FIG. 13A is a sectional view of the blank after wrapping but before
sealing.
FIG. 13B is a secional view of the blank after wrapping and
sealing.
Reference Numerals 11 bottom 11B bottom blank 11I inner surface 12
sidewall 12B sidewall blank 13 left section 13B back side 13F front
side 13L lower edge 13S side edge 13U upper edge 14 right section
14B back side 14F front side 14L lower edge 14S side edge 14U upper
edge 15 fold score 16 tab 18 insulating sheet 18T top edge 18B
bottom edge 18L left edge 18R right edge 19 grooves, score, or
corrugations 20 adhesive area 21 adhesive area 22 fold edge 22S
side seam 24 inner layer 25 insulating middle layer 26 outer layer
27 inside surface of cup 28 outside surface of cup 30F foil or
metalized film 30P paperboard 31 holes 33M fluted medium 33L
linerboard 35P paperboard 35F foamed layer 40 blank 41 fold score
42 insulating section 42L lower edge 42S side edge 42U upper edge
42F front side 42B back side 43 fold edge 50 cup 51 top curl
FIRST EMBODIMENT
Sheet Blanks--FIGS. 1 and 2A TO 2E
In accordance with a first embodiment of the invention a cup or
container (FIG. 1), includes bottom 11 and a sidewall 12. The
bottom is formed from a bottom blank 11B (FIGS. 2D and 2E).
Sidewall 12 is formed from sidewall blank 12B (FIG. 2A), which is
die cut from a larger sheet or roll (not shown) of paper or other
suitable sheet material.

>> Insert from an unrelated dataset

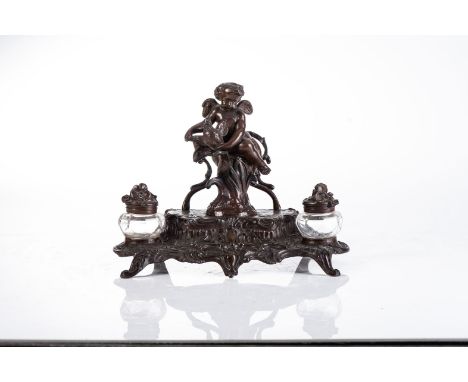 AN ART NOUVEAU INKWELL, LATE 19TH CENTURY Designed by N. Vidal, the two glass inkwells flanking a seated putto holding a bird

The preferable thickness of this material
is approximately 0.33 mm (13 mils), but it can be in a range of 0.2
to 0.6 mm (8 to 24 mils). (One mil=0.001 inch.) The blank includes
an arc-shaped left section 13, which will form an outer layer of
the sidewall, and an arc-shaped right section 14, which will form
an inner layer of the sidewall. The two sections border or share a
common fold score 15. The purpose of this fold score is to assist
in folding the blank along a precise line. Score 15 is preferably
formed into sidewall blank 12B at the time that the blank is die
cut from the larger starting sheet. However, the score can be
formed into blank 12B after the blank is cut, but prior to being
folded (operation discussed below). Sections 13 and 14 have
respective side edges 13S and 14S, upper edges 13U and 14U, and
lower edges 13L and 14L. Sections 13 and 14 also have front sides
13F and 14F, respectively, and back sides 13B and 14B,
respectively.
Once blank 12B is formed into sidewall 12 (operation discussed
below), back side 13B will form an outside surface 28 of the cup,
and back side 14B will form an inside surface 27 of the cup (FIG.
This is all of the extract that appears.